(RECORDS FOR THIS EXERCISE Opens)
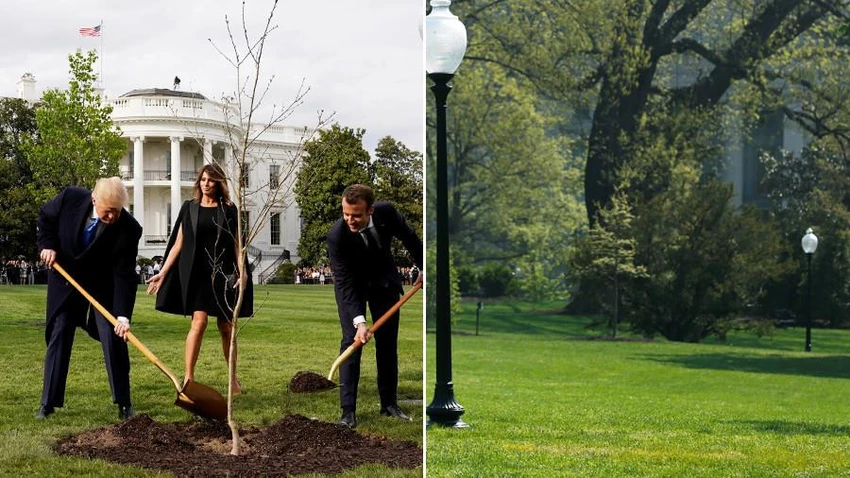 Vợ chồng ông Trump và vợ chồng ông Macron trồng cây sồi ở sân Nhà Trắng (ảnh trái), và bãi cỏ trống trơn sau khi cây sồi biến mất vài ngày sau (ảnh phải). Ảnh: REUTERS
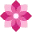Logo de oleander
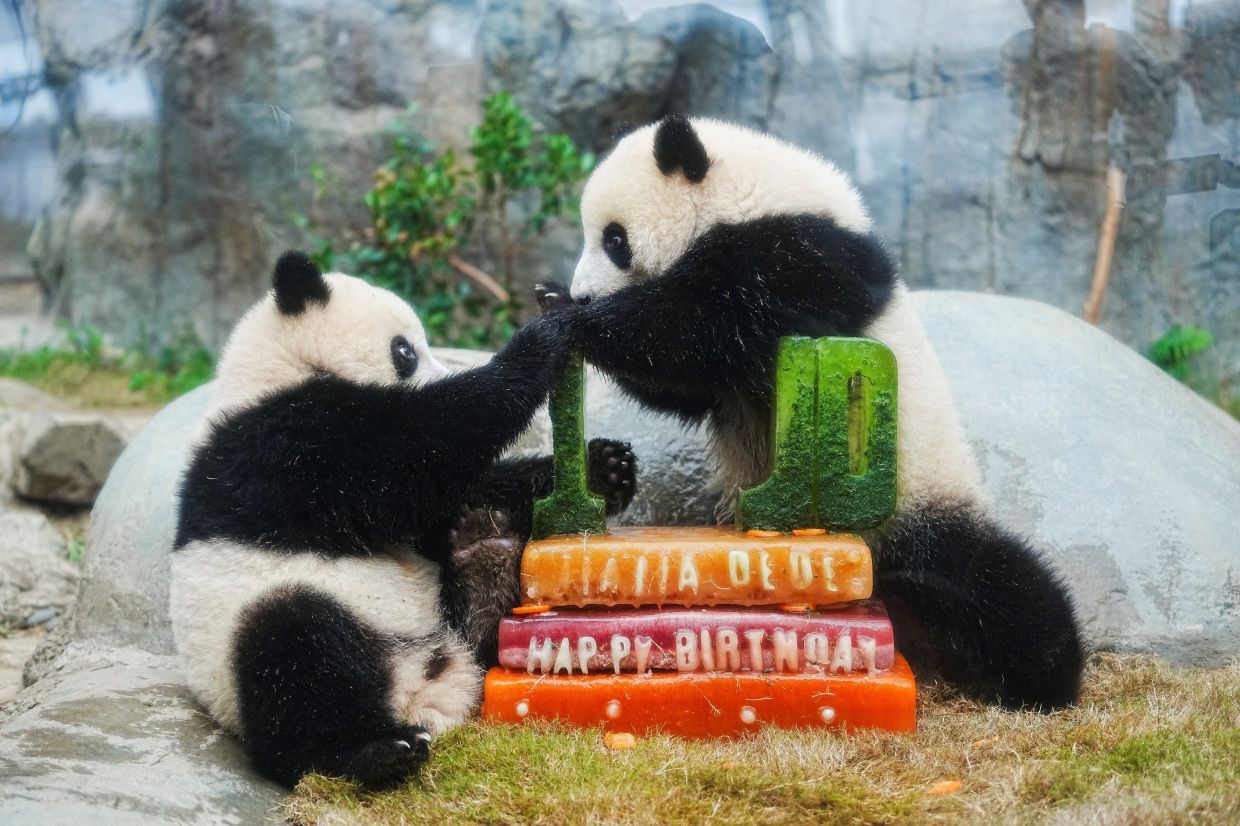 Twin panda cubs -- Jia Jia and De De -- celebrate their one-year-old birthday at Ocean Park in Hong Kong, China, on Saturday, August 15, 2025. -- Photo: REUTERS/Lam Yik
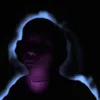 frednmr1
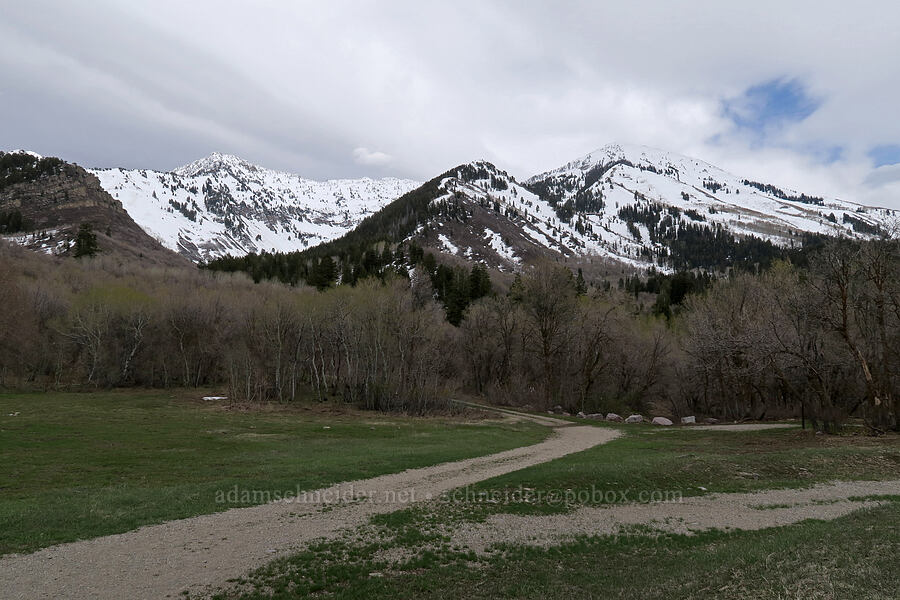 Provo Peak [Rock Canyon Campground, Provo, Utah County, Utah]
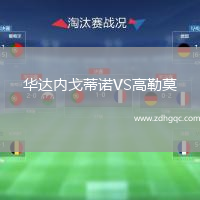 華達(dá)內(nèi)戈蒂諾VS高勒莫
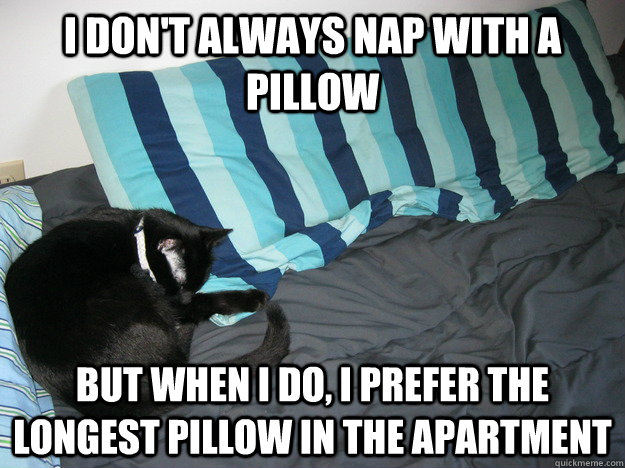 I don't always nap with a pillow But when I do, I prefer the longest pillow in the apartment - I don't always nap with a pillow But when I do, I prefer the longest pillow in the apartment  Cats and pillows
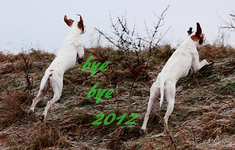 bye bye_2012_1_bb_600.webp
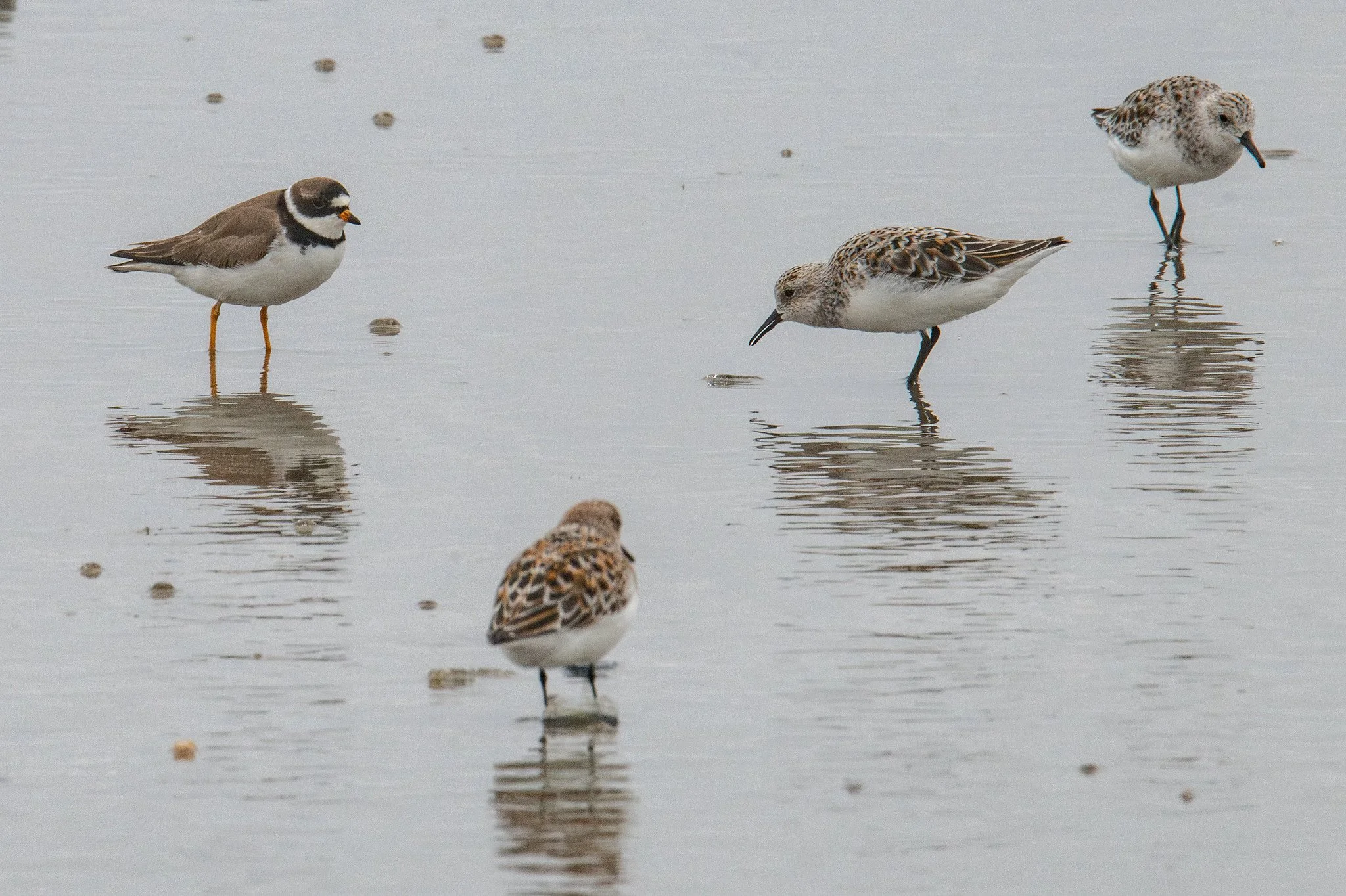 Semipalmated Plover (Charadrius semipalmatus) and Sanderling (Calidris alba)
(RECORDS FOR THIS EXERCISE Closes)
(RECORDS FOR THIS EXERCISE Opens)
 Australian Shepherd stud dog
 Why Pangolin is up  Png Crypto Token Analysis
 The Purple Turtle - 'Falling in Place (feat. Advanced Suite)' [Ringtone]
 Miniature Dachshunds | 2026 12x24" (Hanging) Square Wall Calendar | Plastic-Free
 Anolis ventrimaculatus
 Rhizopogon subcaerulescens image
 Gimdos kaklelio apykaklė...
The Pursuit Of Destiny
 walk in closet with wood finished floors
(RECORDS FOR THIS EXERCISE Closes)
• _ACTION ITEM_: Extract from the listing above the lines between the line containing "Anolis ventrimaculatus" and the line containing "walk in closet with wood finished floors", keeping both of those lines. Output nothing else.

• _RESULT_:
 Anolis ventrimaculatus
 Rhizopogon subcaerulescens image
 Gimdos kaklelio apykaklė...
The Pursuit Of Destiny
 walk in closet with wood finished floors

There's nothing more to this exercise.